▶ Task description
Repeat every entry exactly. Pictures stay out.

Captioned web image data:
------------------------------

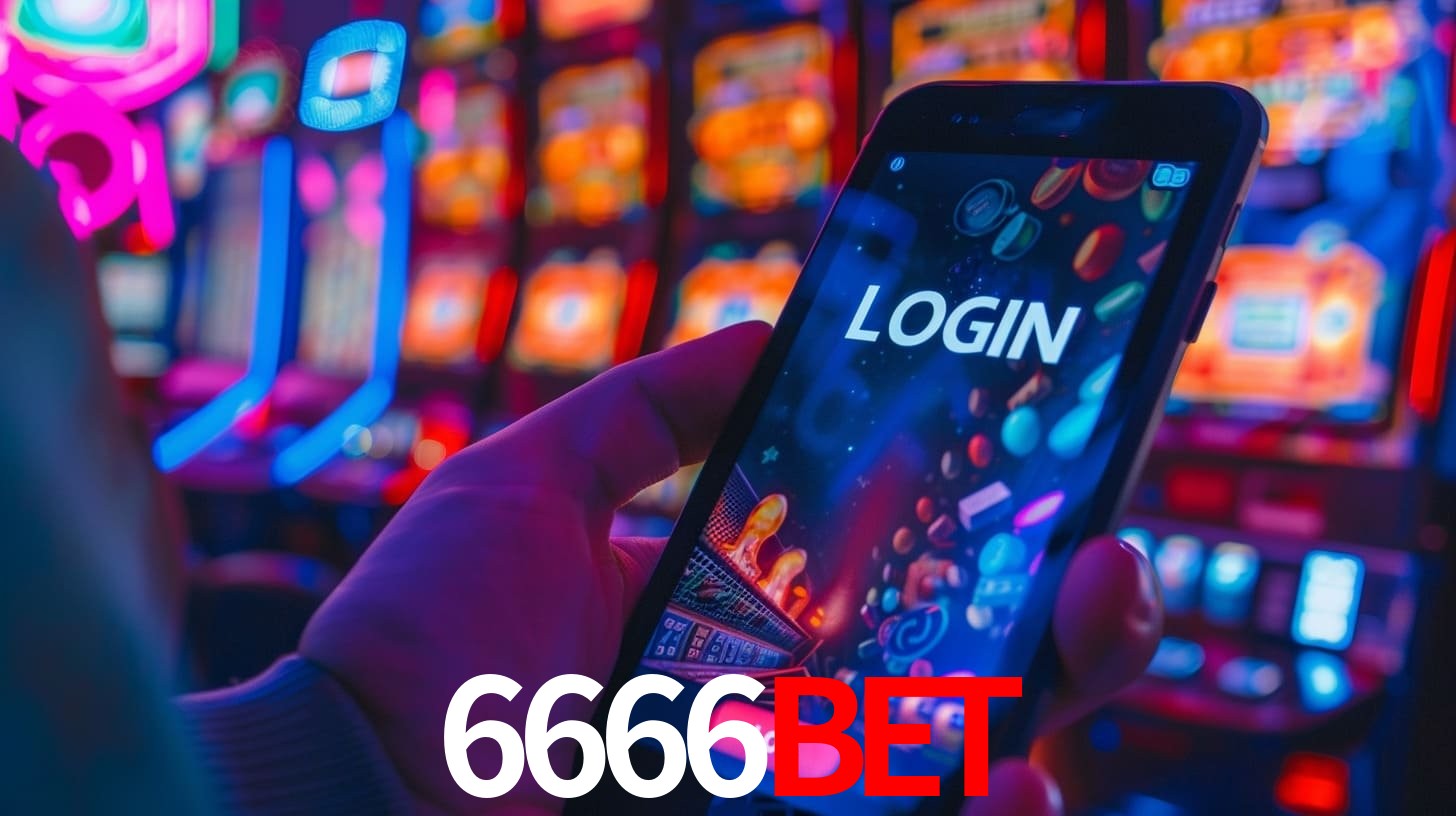 Casino Ao Vivo 6666bet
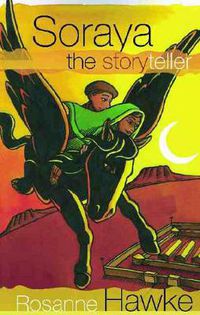 Cover image for Soraya the Storyteller
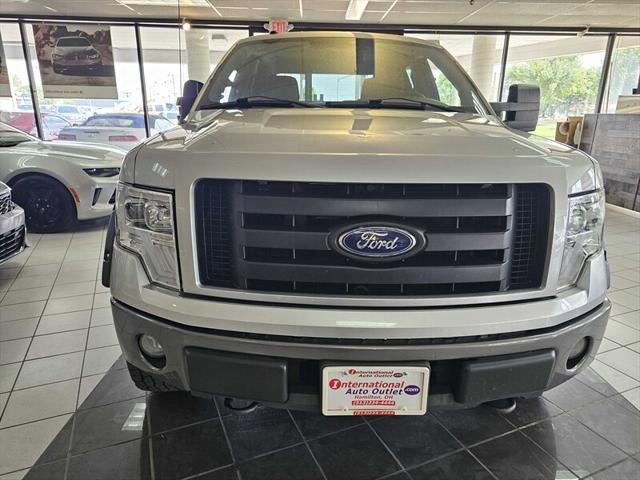 used 2010 Ford F-150 car, priced at $11,995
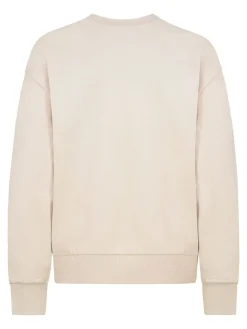 Sweatshirt crème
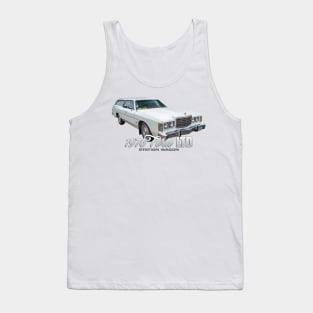 1976 Ford LTD Station Wagon Tank Top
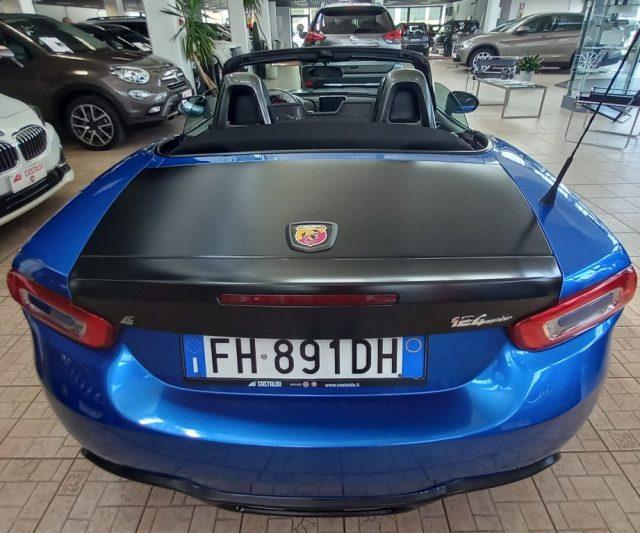 ABARTH 124 Spider 1.4 Turbo MultiAir AT 170 CV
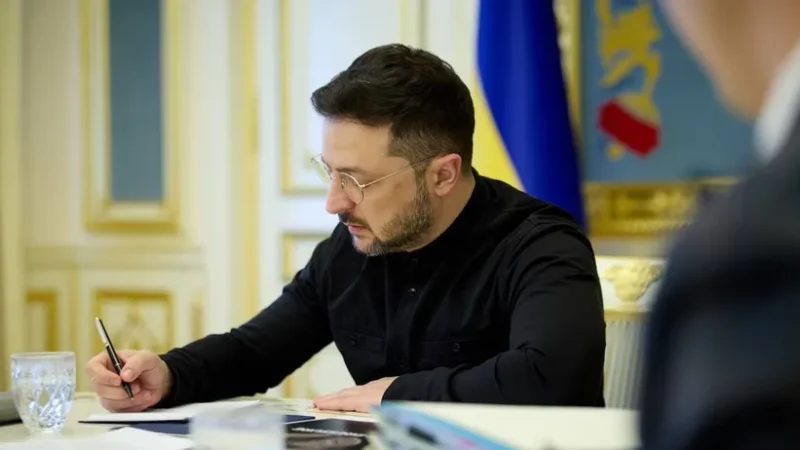 “Я отримав результат, який був потрібен”: Зеленський розкрив цілі листів до Трампа і Путіна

------------------------------

▶ Output
 Casino Ao Vivo 6666bet
 Cover image for Soraya the Storyteller
 used 2010 Ford F-150 car, priced at $11,995
 Sweatshirt crème
 1976 Ford LTD Station Wagon Tank Top
 ABARTH 124 Spider 1.4 Turbo MultiAir AT 170 CV
 “Я отримав результат, який був потрібен”: Зеленський розкрив цілі листів до Трампа і Путіна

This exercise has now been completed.